This is RPG-ology #32: Doing Something, for July 2020.
Although this is actually about a gaming referee technique, I’m starting with an example from a book, my novel Verse Three, Chapter One, freely accessible on the web. It also begins with magic items, but moves beyond that to objects in other settings and genres.
As the story unfolded I needed to have one character, effectively a support character or non-player character, give one of my main characters a specific small magic object in a magically-shielded bag, but had to do it in a way that would not make it seem obvious that this was my intention. The easy way to do that was to put several other small magical objects in the same bag, so that the immediately important one would be just one of several. That’s one trick you should note. Somewhere in the Harry Potter books, probably in The Half-Blood Prince, Harry enters the Room of Requirement in its guise as the place to hide things so no one can find them, and Rowling mentions several objects as examples of the mass collection of junk. One of them is a tiara, I think sitting incongruously on the head of a bust of a man, if memory serves. Then in the final book, The Deathly Hallows, we come to a place where he has to find the Diadem of Ravenclaw, and neither he nor we know where it is–but in fact he and we have seen it already, and just didn’t realize it was important because it was hiding amidst all the other junk. I had already done the same thing with my important object, dropping it into a bag with four other objects. My five objects were a paper clip, a coin, a six-sided die, a cat’s eye marble, and an acorn.
I’m not going to tell you which one was important, or what they did; you can get that by reading the books, and I won’t spoil it here. What I will tell you is that when I put those five objects in that pouch I knew that they were all magic, created by the somewhat loony young sorceress who gave them who enjoyed making magic items from ordinary objects–but I only knew what one of them did, the one that mattered in the short term. However, I had learned something from the most creative referee I ever knew, captured in the phrase I can do something with that.
This particular referee ran a high-magic D&D-style game, and had a penchant for turning seemingly ordinary objects into bizarre magic items. Any particular “treasure horde” was apt to contain some number of seemingly innocuous objects with a rather high chance that they had at some point picked up some kind of magic. Although these objects often seemed random, it was that phrase that made them part of the game: I can do something with that.

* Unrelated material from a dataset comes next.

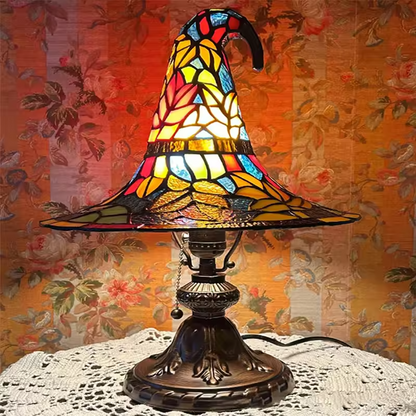 Lámpara artesanal de sombrero de bruja con encanto mágico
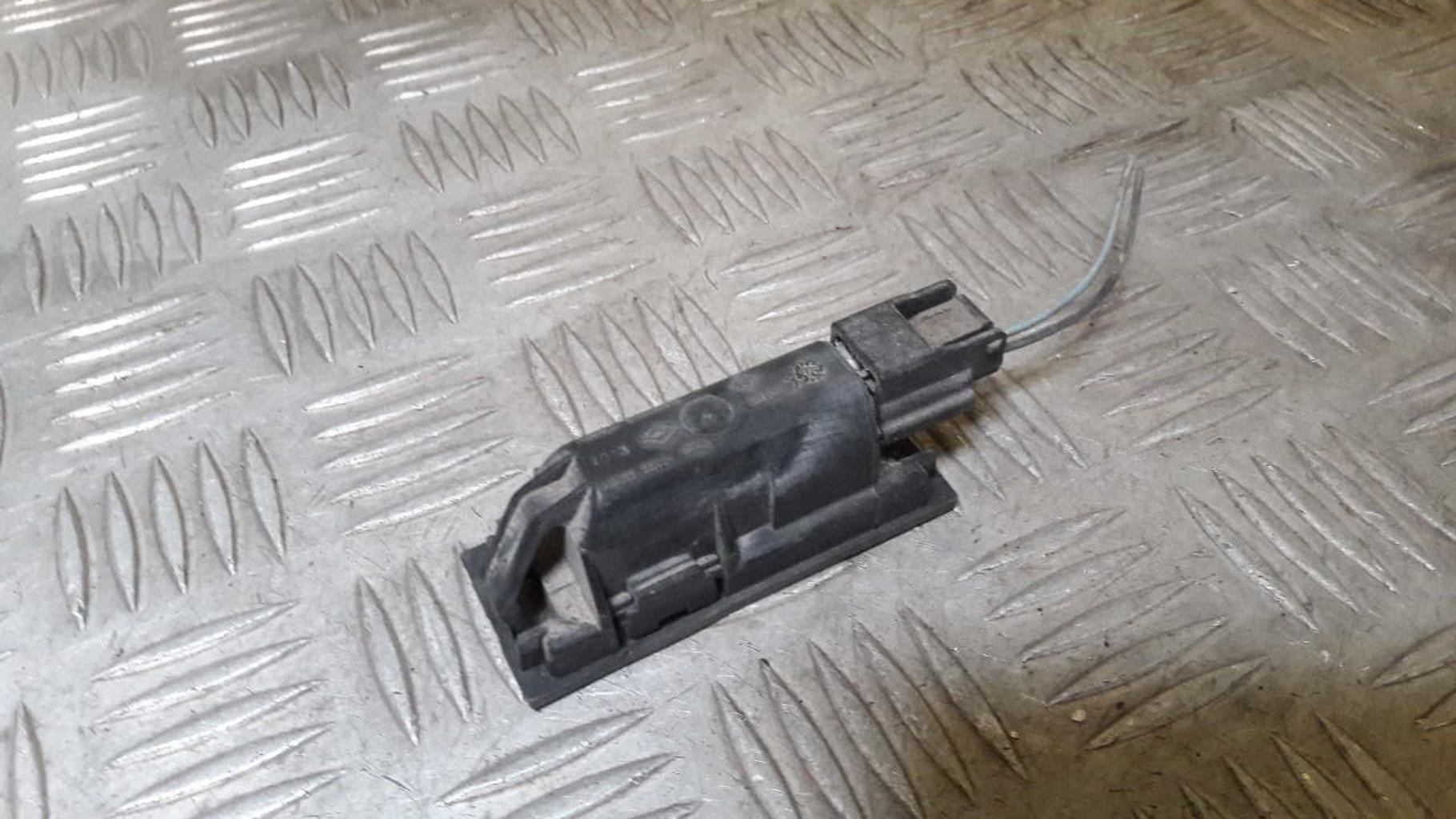 Eclairage de plaque RENAULT CLIO 3 PHASE 1 Diesel - 1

And so as I selected each of the objects to fill my bag, I had no idea what they did, but I knew I could use them, create potentially interesting minor magic items with them, if I gave it a bit of thought. Of course, I had to give it thought, because my character was going to put effort into figuring out what they were, and so before long I had figured out what three of the four were, leaving me only one object that was a mystery, not only to my character and my readers but even to me. It remained so until the book was published and I was well into writing the next, when abruptly I realized that this one seemingly unimportant object could be a critical piece in one of the puzzles I had set for myself in writing a major story arc spanning three books. It was exactly what I needed. I did something with it.
The applications for fantasy games and fantasy books are obvious. You can, and sometimes should, throw odd objects into the story to catch the attention of the audience, but you don’t have to know what they are or what they do when they first appear, only that you can use them in some way that will be fun or interesting or dangerous or in some other way exciting. You can figure out what it is, what it does, later. You can obviously also do this with alien technology or other artifacts in science fiction settings. Yet I think it can go beyond that.
Documents are wonderful in this regard. If the characters decide to search a desk, they might well find letters, or contracts, or deeds, or some similar documents one of which is a major clue to what is happening. Book shelves are obvious places to hide books, that is, one important book among a collection of others. You don’t have to know why the information is important when you put it there; you only have to figure out how it helps the story when the characters start examining it.
Other possible mysterious objects include unlabeled bottles on spice racks or in medicine cabinets, the contents of a jewelry box or wardrobe drawer, knick-knacks on a shelf. In every case, put odd objects in the story, and don’t worry about what they are, do, or mean until the characters latch onto them.
One advantage of this is that if the players miss some object you put in the story, you didn’t spend hours working out what something is that will never be used. Meanwhile, if they do latch on to something you dropped into the world incidentally, you can backwrite significance to it when it will help.
So at least once in a while when the characters search, let them find something that intrigues them. You don’t have to know what it is or does when you put it there, as long as you can do something with that.